Ci potete spiegare la genesi del singolo Fake Bloom in cui parlate di Murray Bookchin, padre dell’ecologia sociale?
«É un brano nato dalla sensazione di distacco e di di sradicamento dalla natura, dall’impotenza di fronte alle conseguenze del rapporto distorto tra uomo e pianeta Terra e dall’energia delle folle di ragazzi scesi in piazza per la crisi climatica. Nella ritmica serrata della canzone abbiamo inserito proprio la voce di Murray Bookchin, filosofo ed attivista , fondatore dell’ecologia sociale che ci ricorda che l’assurdo tentativo dell’uomo di dominare la Natura è destinato a fallire L’errore è sempre lo stesso che poi porta alla tentativo di dominazione dell’uomo sull’uomo con tutte le conseguenze che stiamo vedendo nell’attualità. Nel testo risuona l’eco della frustrazione e dell’angoscia per un equilibrio che appare ormai destinato a spezzarsi».
Quale dovrebbe essere, in poche battute, la soluzione all’eterno conflitto Uomo-Natura?
«Eterno, forse, non è il termine giusto. Certamente non è da un conflitto che è iniziato il rapporto dell’uomo con la natura che è la nostra origine, la nostra casa e solo con una nuova armonizzazione l’attuale conflitto potrà risolversi. È la famosa transazione ecologica, quella vera, non quella di Cingolani…Che non significa certo ritornare all’età della pietra, né ci deve spaventare anzi: ripensare-anche attraverso la tecnologia- il modo con cui ci muoviamo, organizziamo le nostre città e le nostre case, mangiamo ,lavoriamo, è anzi una straordinaria occasione per migliorare la qualità della vita e delle relazioni sociali, in un tempo in cui il senso di insoddisfazione e il disagio psicologico sono sempre più comuni».
In che modo pensate di promuovere l’album Fences?

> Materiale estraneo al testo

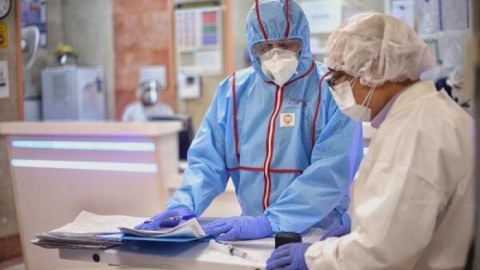 İranda koronavirusa yoluxma sayı 4 milyonu keçdi  
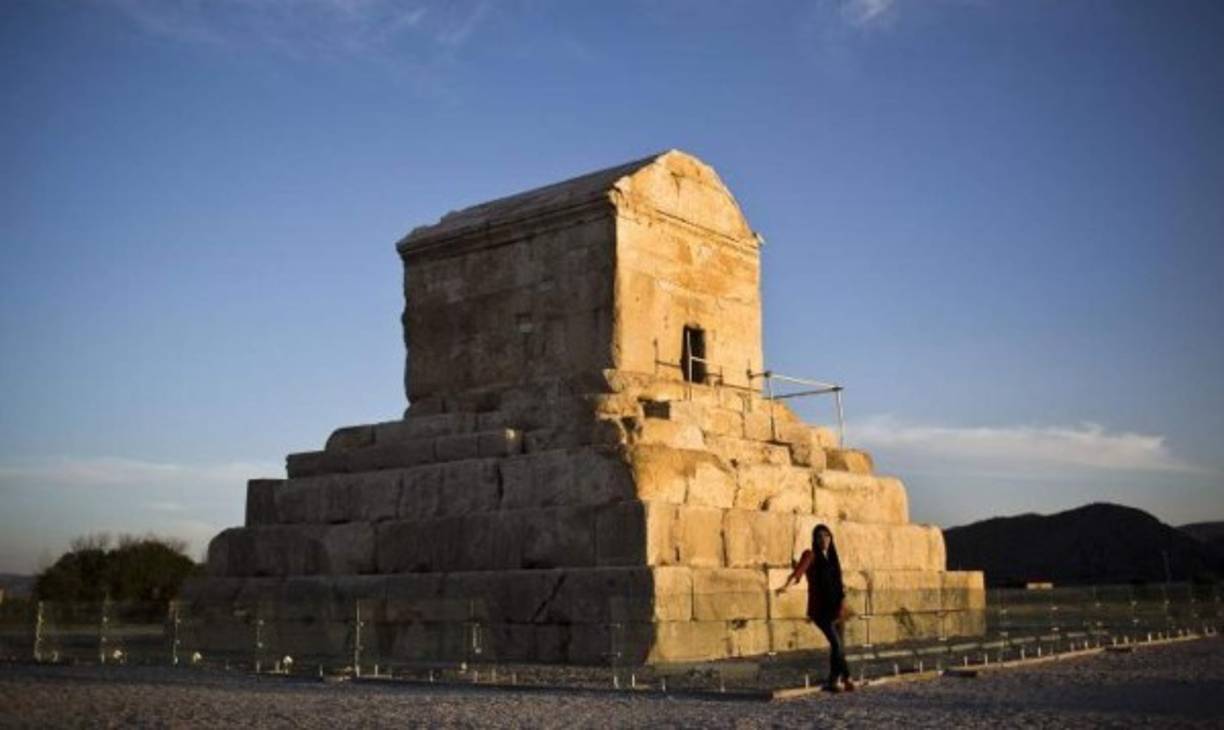 Otro de los sitios amenazados es la histórica ciudadela de Bam, situada en el sureste de Irán.<br/><br/>Los orígenes de la ciudadela se remontan al periodo aqueménida (siglos VI al IV a.C.) y conoció su máximo esplendor entre los siglos VII y XI d.C., gracias a su estratégica ubicación en las rutas comerciales de la seda y el algodón, según la Unesco.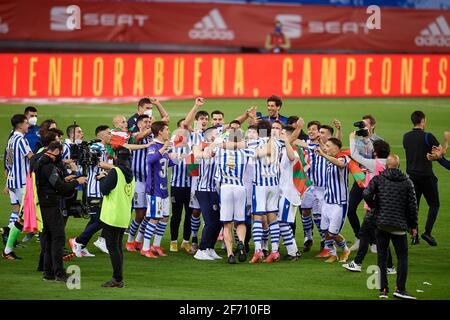 Sevilla, Spanien. April 2021. Die Spieler von Real Sociedad feiern den Sieg nach dem letzten Spiel des spanischen Königspokals zwischen dem Athletic Club Bilbao und Real Sociedad am 3. April 2021 in Sevilla, Spanien. Das Spiel ist das neu terminierte Finale des Wettbewerbs 2019-2020, das ursprünglich aufgrund der Coronavirus-Pandemie verschoben wurde. Quelle: Pablo Morano/Xinhua/Alamy Live News Stockfoto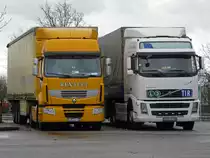 2 LKW aus dem Iran bei der Pause auf der Rastanlage Frankenh�he. Links ein Renault Premium und rechts ein Volvo FH12 460. Aufgenommen am 23.12.2012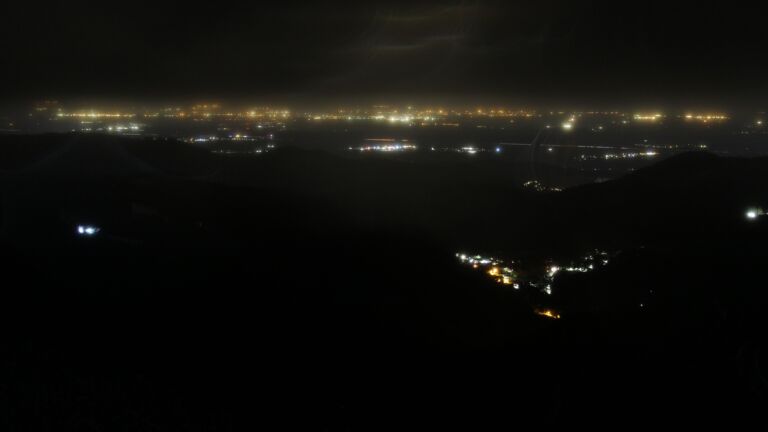 Dieses Bild zeigt eine Webcam-Aufnahme vom Achertal, aufgenommen am Freitag, den 28.11.2025 um 03:00 Uhr. Die Temperatur betrug -0.6°C.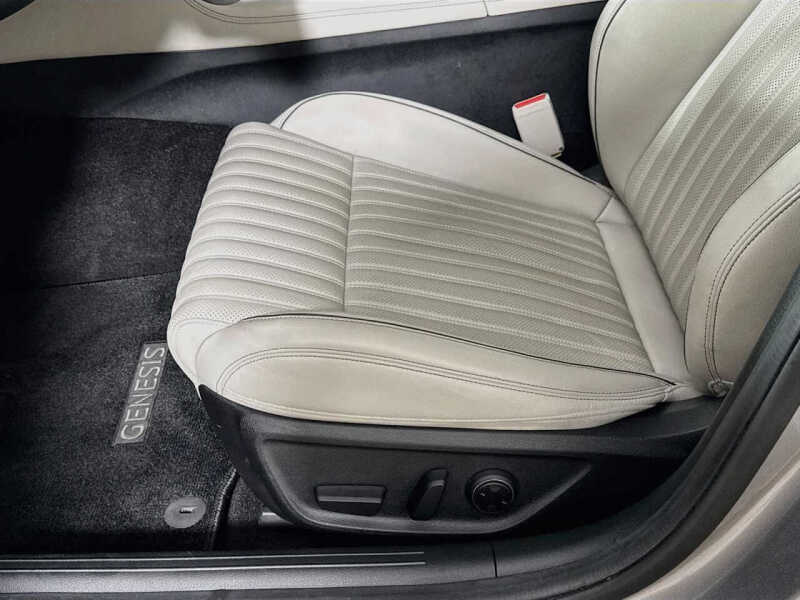 2023 Genesis G70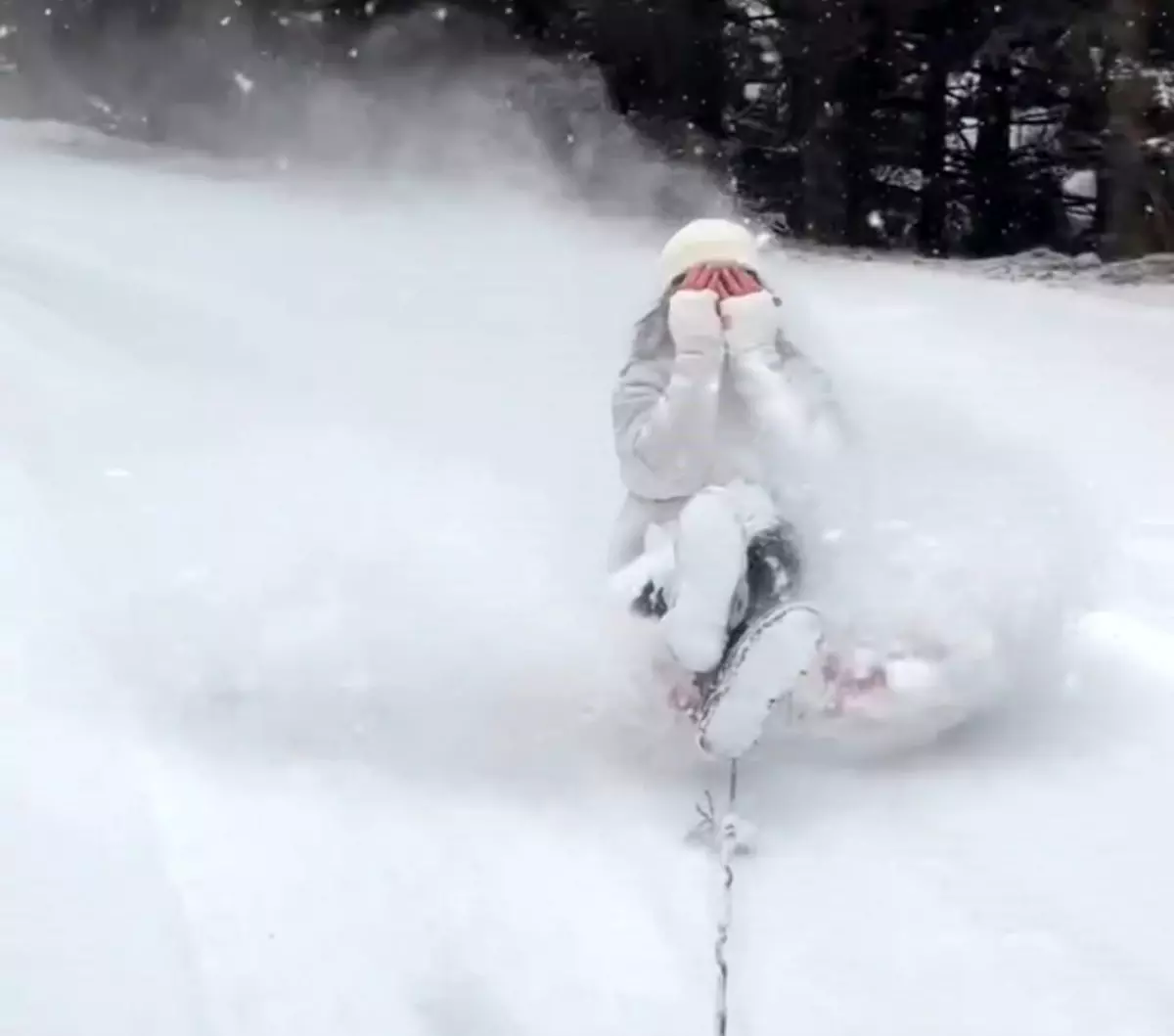 Bolu’da Şambrel ile Kayma Eğlencesi Sosyal Medyada Viral Oldu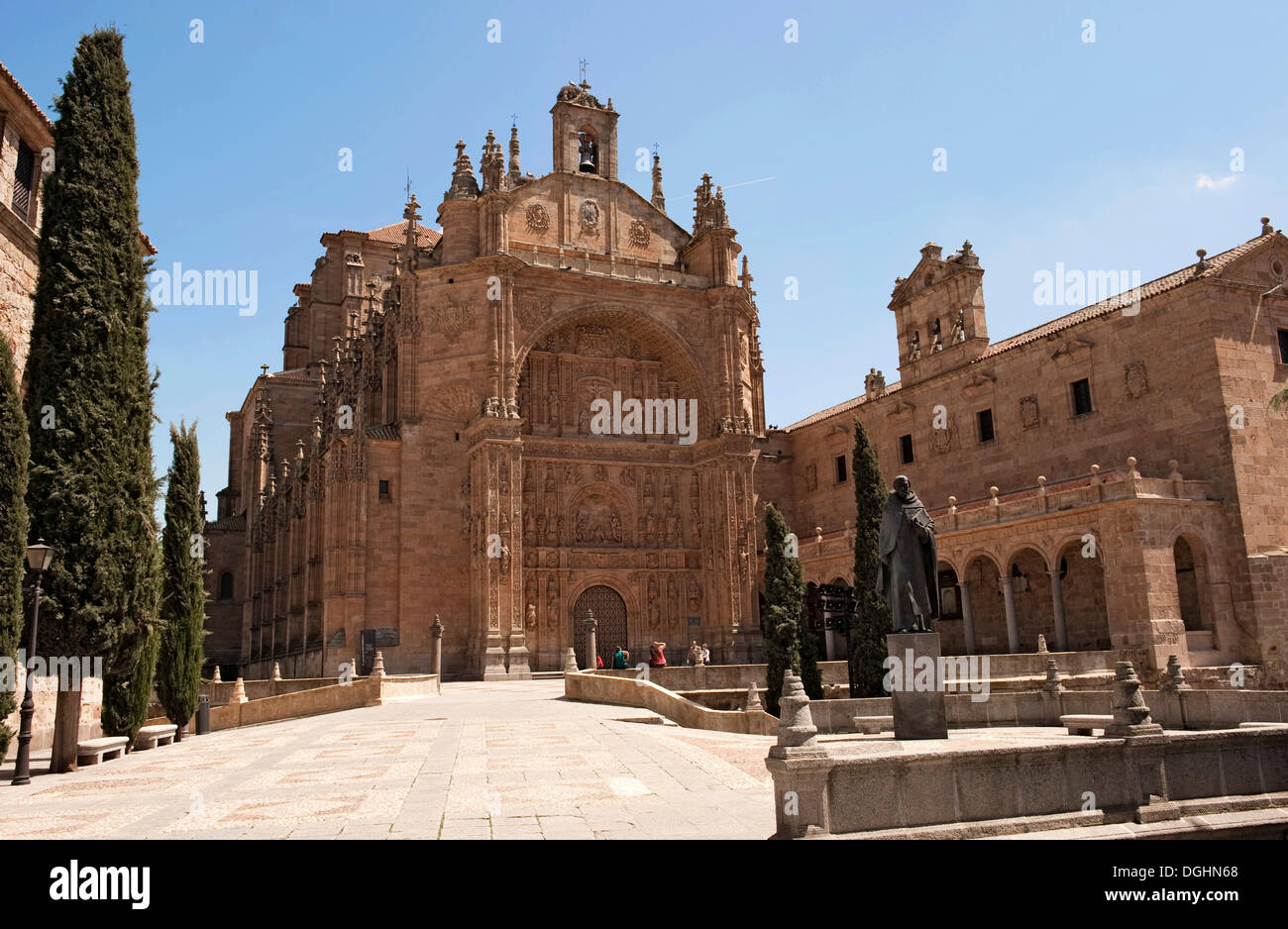 Convento E Iglesia De San Esteban Fotos e Imágenes de stock Alamy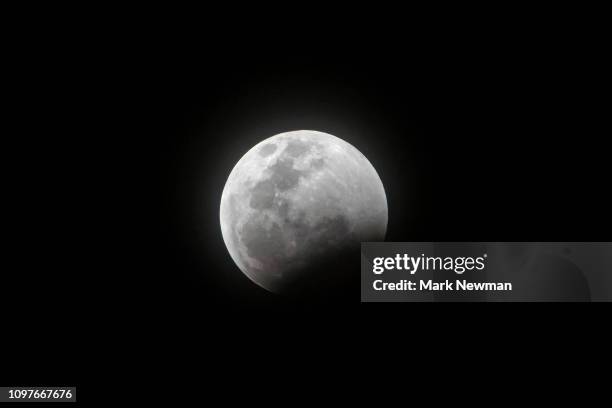 lunar eclipse - eclipse fotografías e imágenes de stock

Avete già qualche data per un probabile tour?
“ In questo momento, dopo un periodo sicuramente difficile in cui le possibilità di suonare live si sono clamorosamente ristrette- e le poche sembravano essere riservate ai gruppi cover- iniziamo finalmente a programmare alcuni live di cui potrete presto informarvi sui social. Nel frattempo i brani Fake Bloom e NOF4 stanno avendo un buon riscontro nelle radio. Continuiamo a lavorare a nuovi brani con un approccio ancora differente, stavolta cercando di usare lo strumento delle campionature in modo sonoro e meno verbale. Non vediamo l’ora di rientrare in studio e registrare nuovo materiale, ma intanto ci godiamo Fences, un lavoro che è stato anche faticoso ma di cui siamo molto orgogliosi».